Leitsatz des Gerichts

1. Bei einer Kreuzfahrt, deren maßgeblicher Zweck nicht die Erholung, sondern eine Reiseroute mit besonderen kulturellen und landschaftlichen Höhepunkten ist, verbietet sich eine schematische Beurteilung zur Höhe des Minderungsanspruchs, wie beispielsweise eine einfache Relation der mangelfreien zu den mängelbehafteten Tagen.

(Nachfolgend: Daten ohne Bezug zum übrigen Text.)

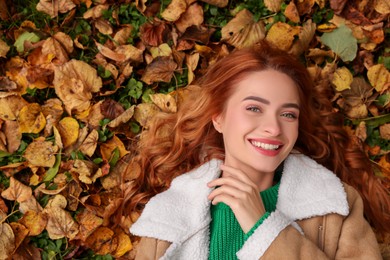 Photo of Smiling woman lying among autumn leaves outdoors, top view. Space for text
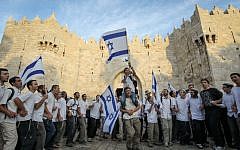 Thousands of Jews wave Israeli flags as they celebrate Jerusalem Day by walking the streets of Jerusalem, through Damascus Gate on their way to the Western Wall on May 20, 2012. (Nati Shohat/Flash90)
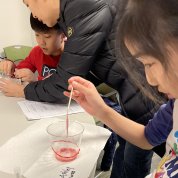 A young child holds a stick into a cup of mushy strawberry at a table.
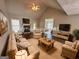 Spacious living room featuring vaulted ceilings, a fireplace, and comfortable seating arrangement at 51 Estates Dr, Villa Rica, GA 30180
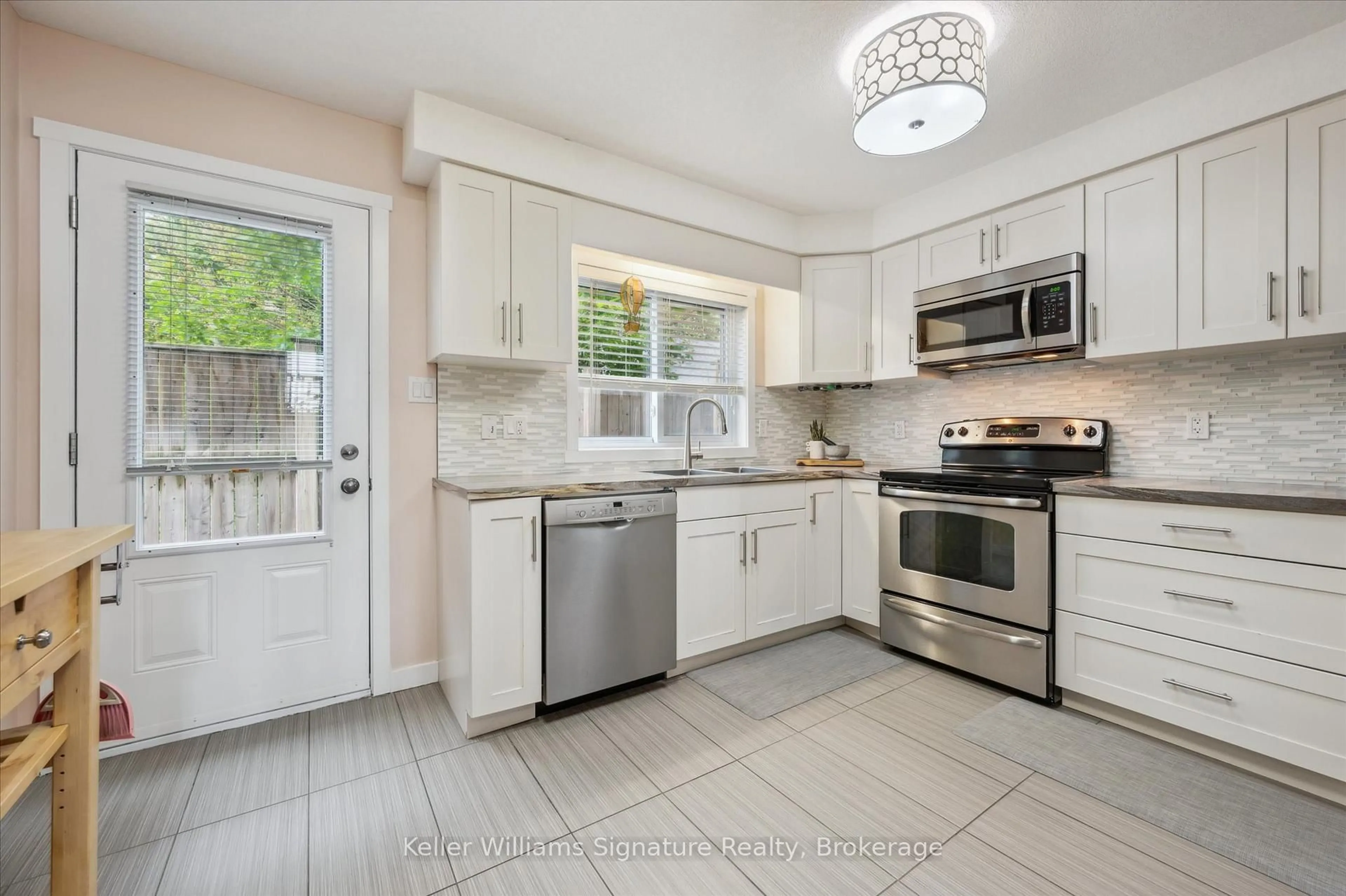 Open concept kitchen, ceramic/tile floor for 487 East Ave #2, Kitchener Ontario N2H 0A8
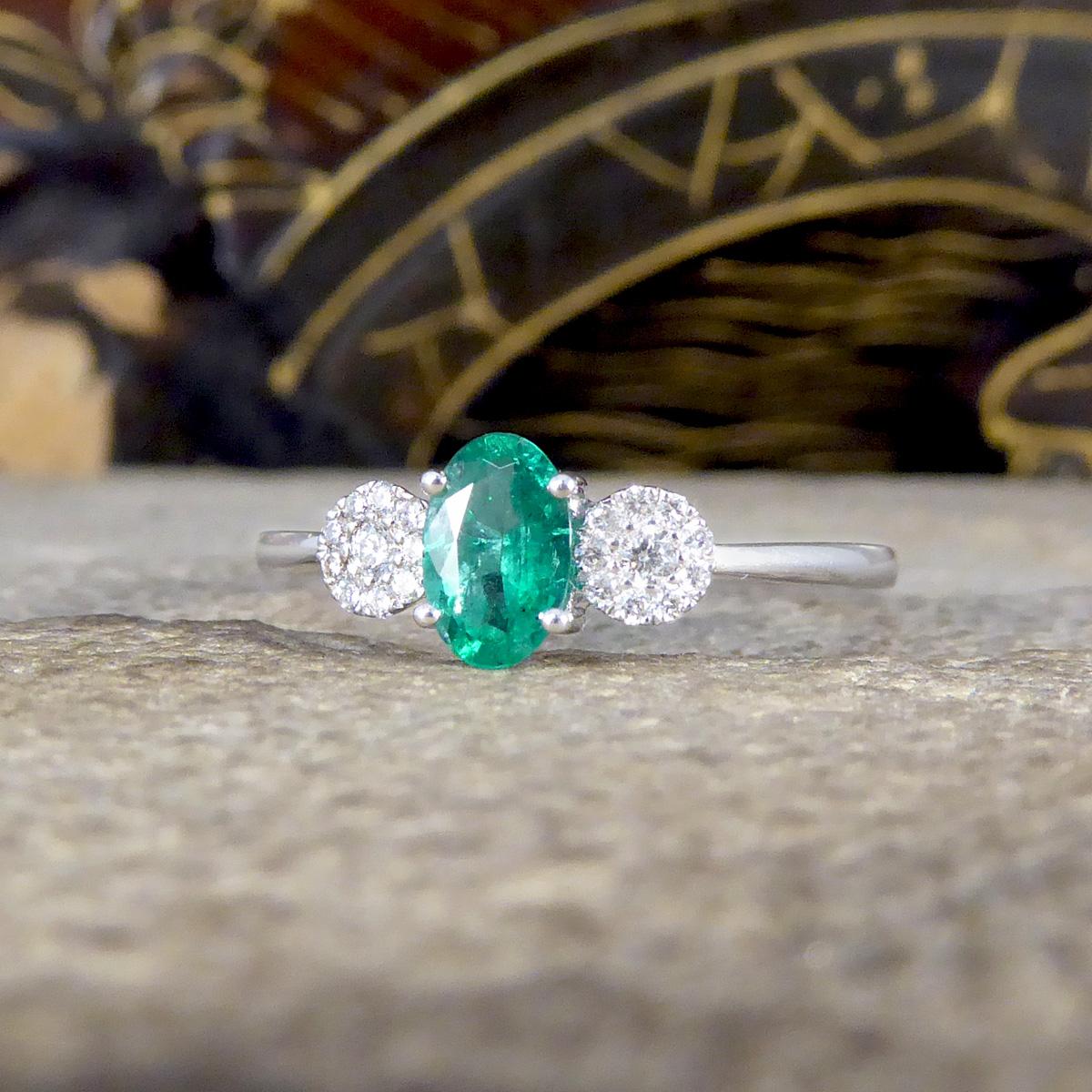 Oval Cut Emerald and Diamond Illusion Three Stone Ring in 18ct White Gold For Sale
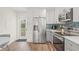 Updated kitchen with stainless steel appliances, white cabinets, and a convenient side entrance at 1713 W Saint John St, Tampa, FL 33607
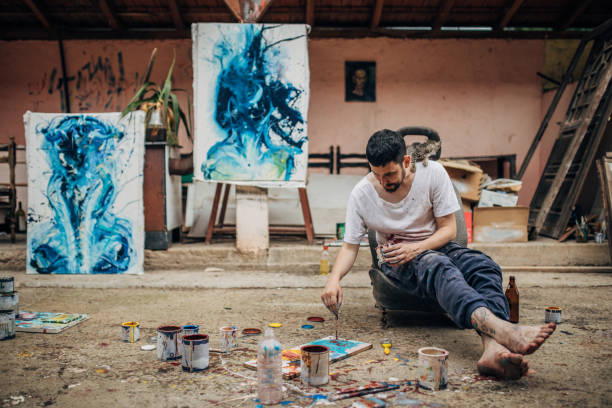 istock Young artist painting 1177014963
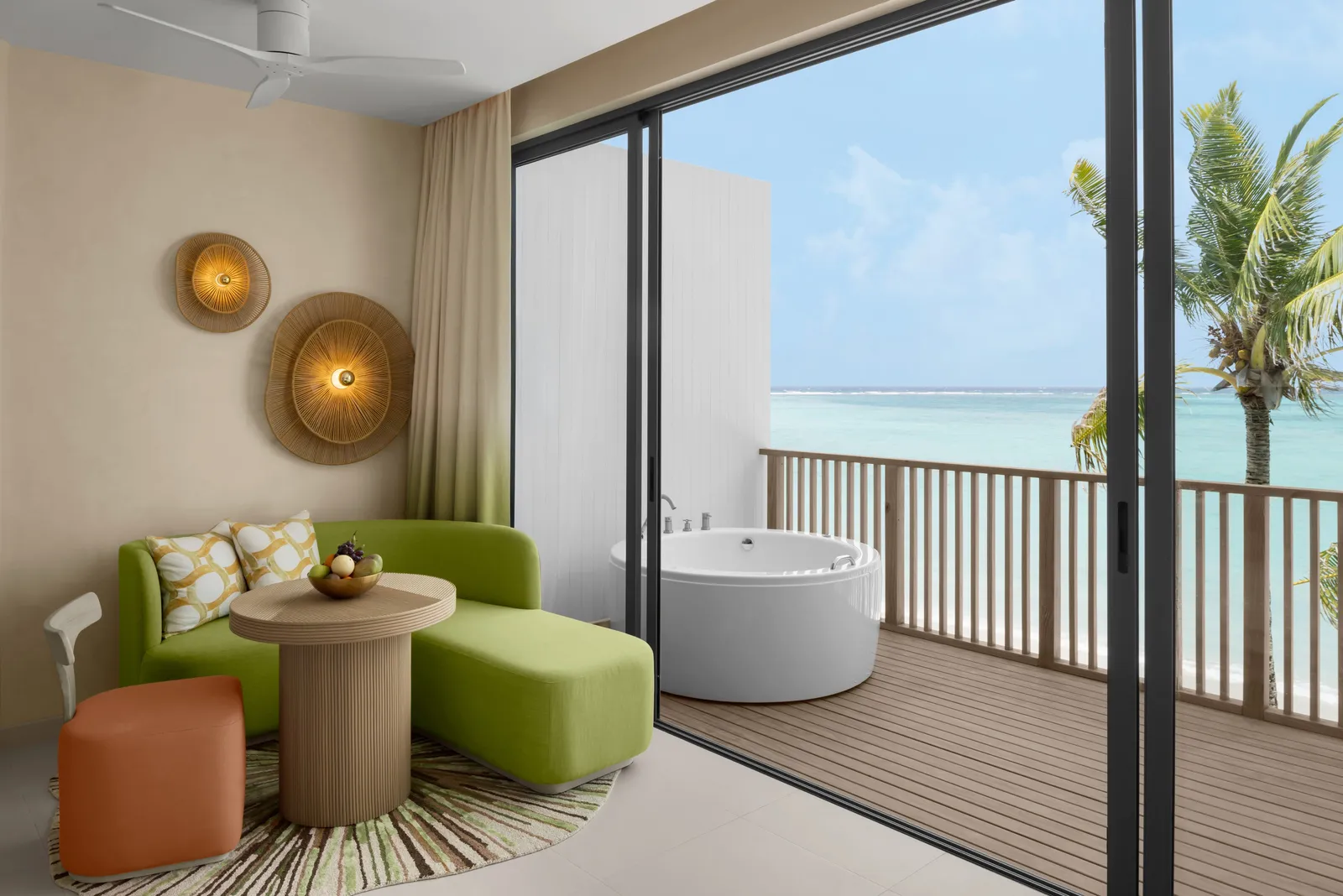 The balcony of a Mirage Panoramic Room with its Jacuzzi, the sea beyond the railing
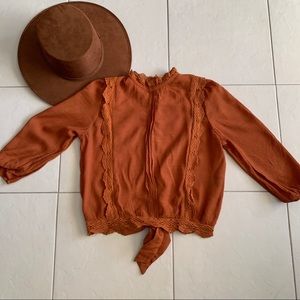 Almost new orange high neck blouse.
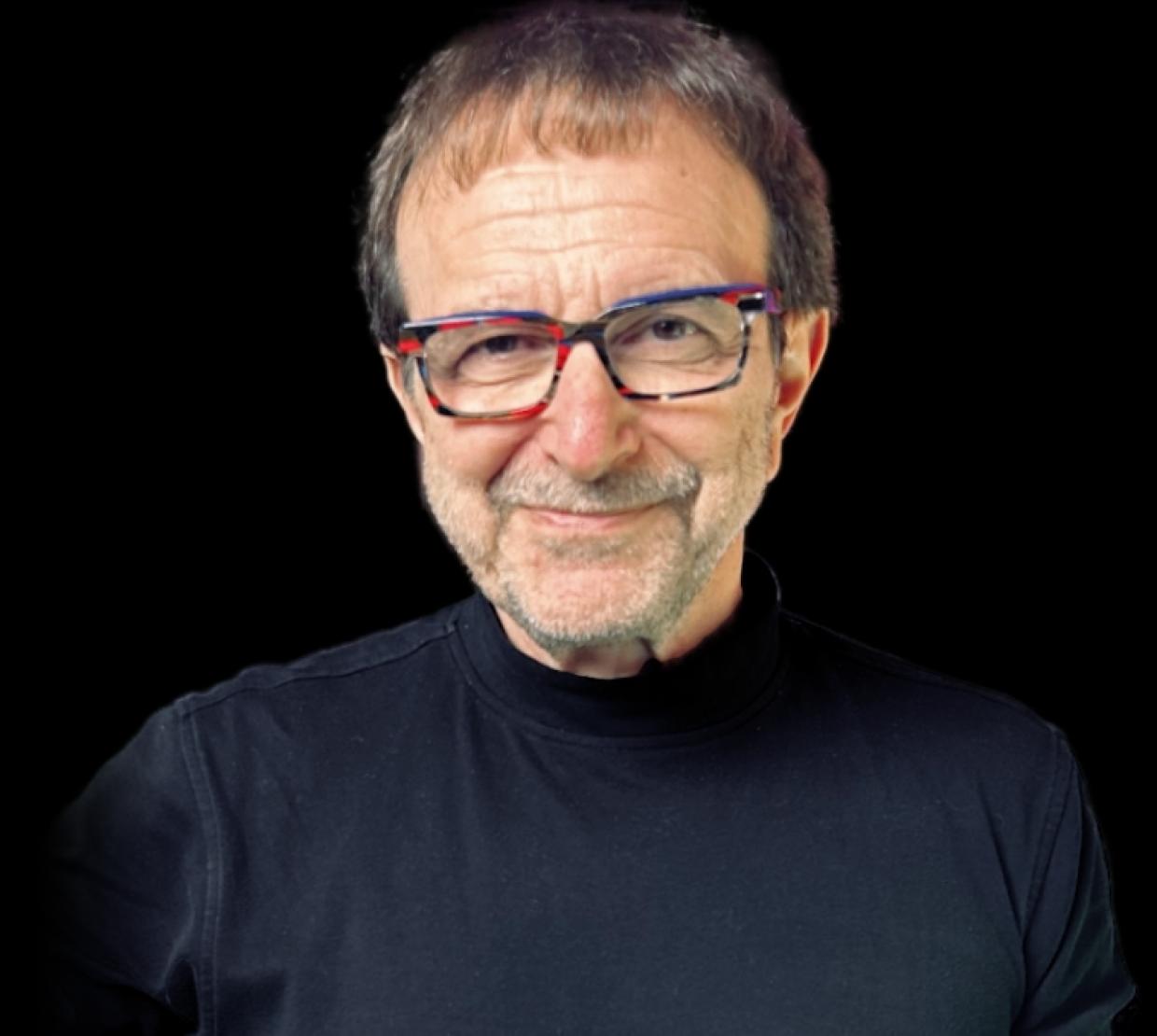 Vincent Racaniello wears a black shirt on a black background. He smiles slyly.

Vielmehr hat eine Gewichtung unter wertender Betrachtung der einzelnen Programmpunkte und des insgesamt mit der Reise verbundenen Urlaubserlebnisses zu erfolgen.
2. Der Wegfall verschiedener Ausflüge mit Schlauchbooten in der Antarktis sowie eine Verkürzung des vorgesehenen Kreuzens vor dieser Küste – ein „Highlight” einer Kreuzfahrt unter anderem in die Antarktis – führen zu einer Minderung, die die Beträge für die mängelbehafteten Einzeltage spürbar überschreitet.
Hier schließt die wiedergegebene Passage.